Exercise objective: Give back, exactly and with nothing else, the lines running from the one that contains "27738 Hyssop Lane, Saugus, CA 91350" to the end of the entries below; do not include pictures.

(Records excerpted from a collection)
★ ★ ★ ★ ★ ★ ★
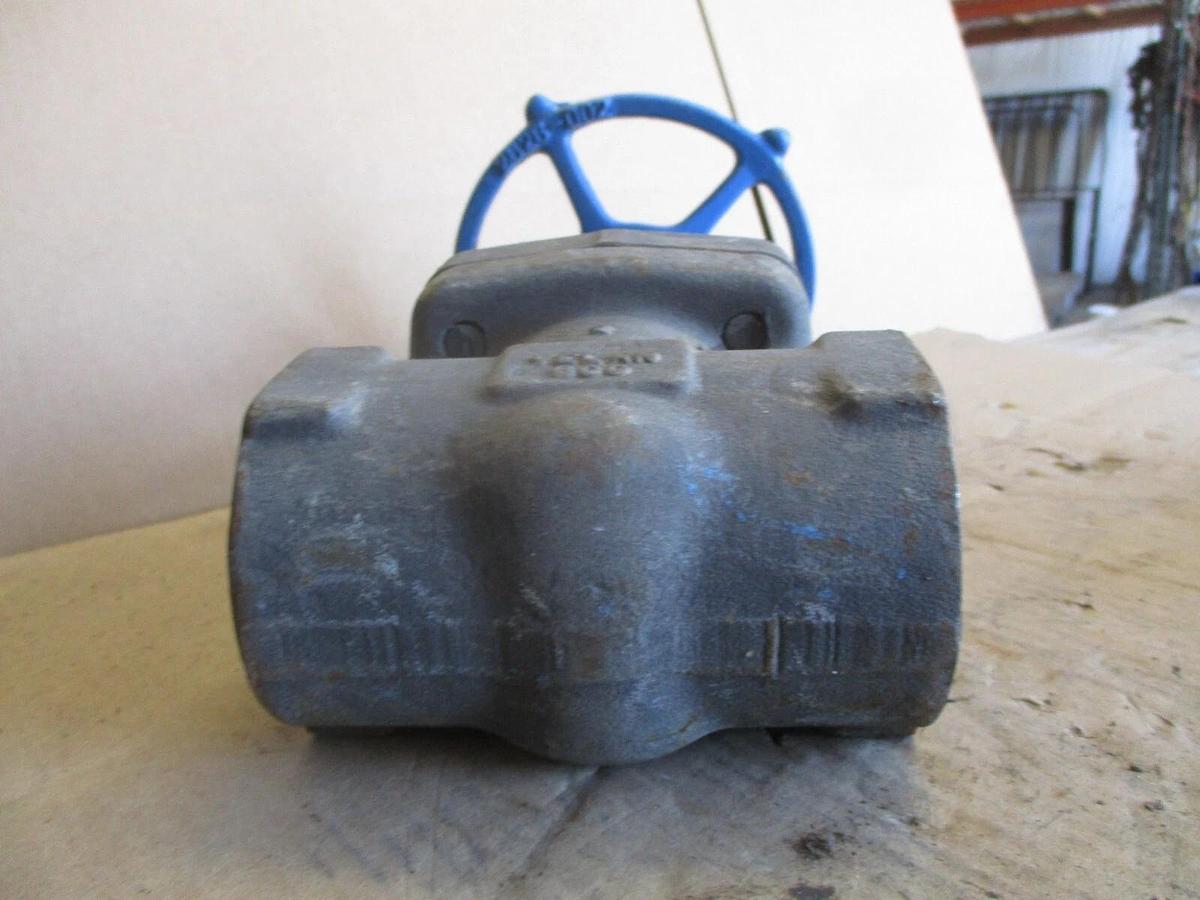 Used VELAN 2" IRON BUTT-WELD GATE VALVE, #67204J NEW (WEATHERED)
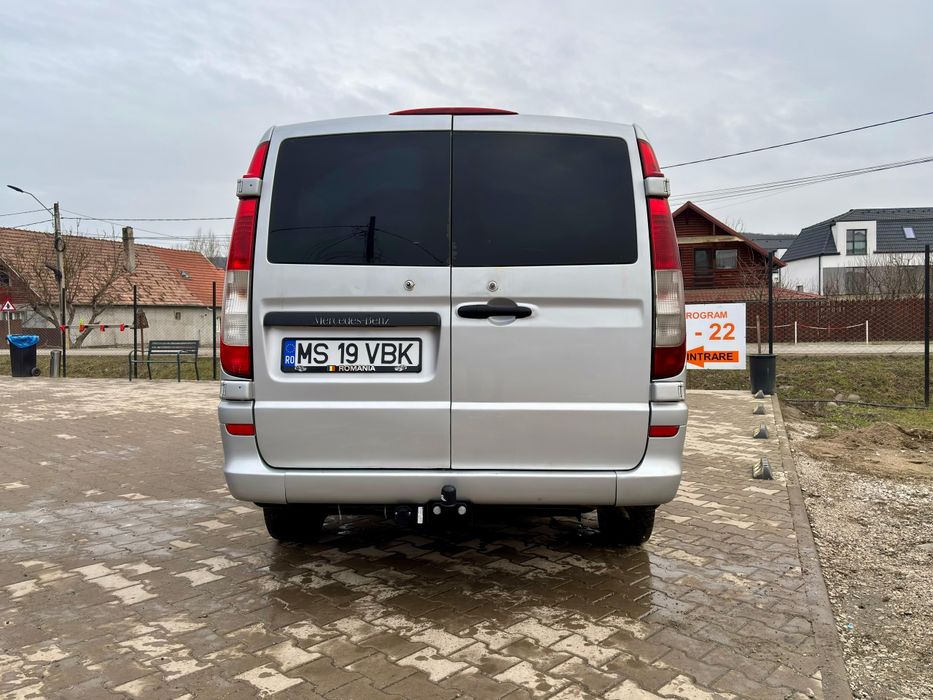Mercedes Vito 8+1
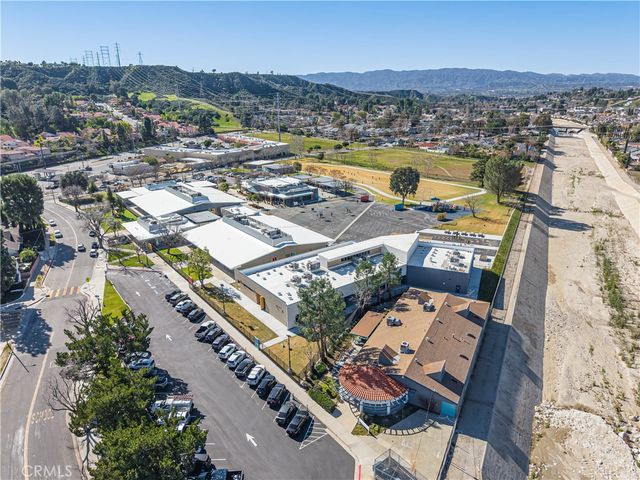 27738 Hyssop Lane, Saugus, CA 91350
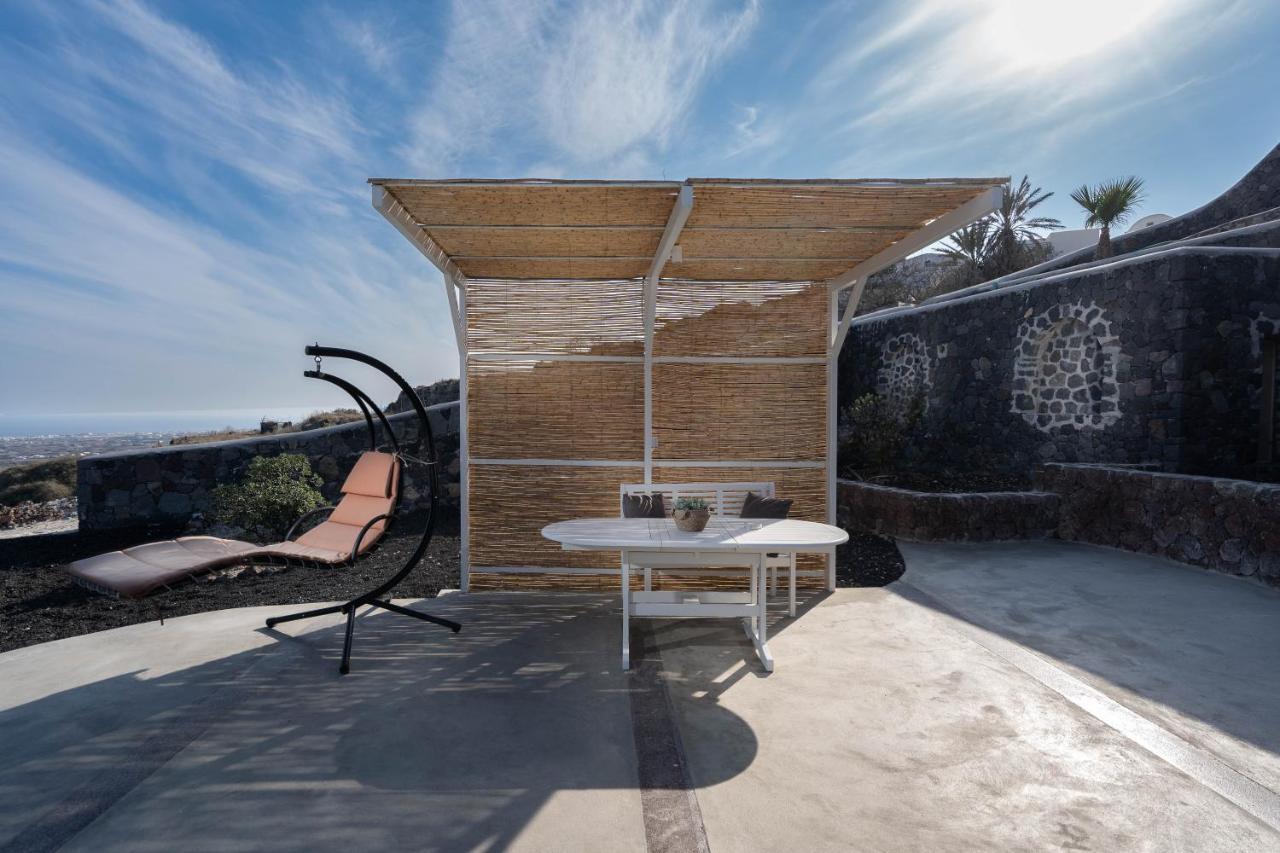 Luxe Efis Home Sea View 4 Villas & 4 Prive Jacuzzi Imerovigli  Bagian luar foto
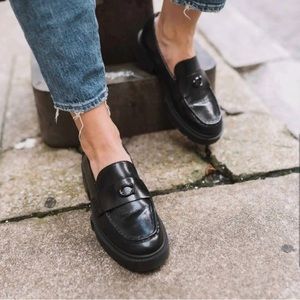 Coach Leah black loafers size 7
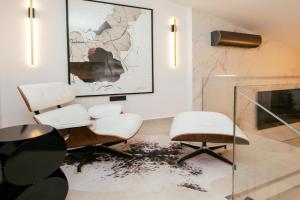 FK Luxury Penthouse, Pakostane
★ ★ ★ ★ ★ ★ ★
Response to the exercise:
 27738 Hyssop Lane, Saugus, CA 91350
 Luxe Efis Home Sea View 4 Villas & 4 Prive Jacuzzi Imerovigli  Bagian luar foto
 Coach Leah black loafers size 7
 FK Luxury Penthouse, Pakostane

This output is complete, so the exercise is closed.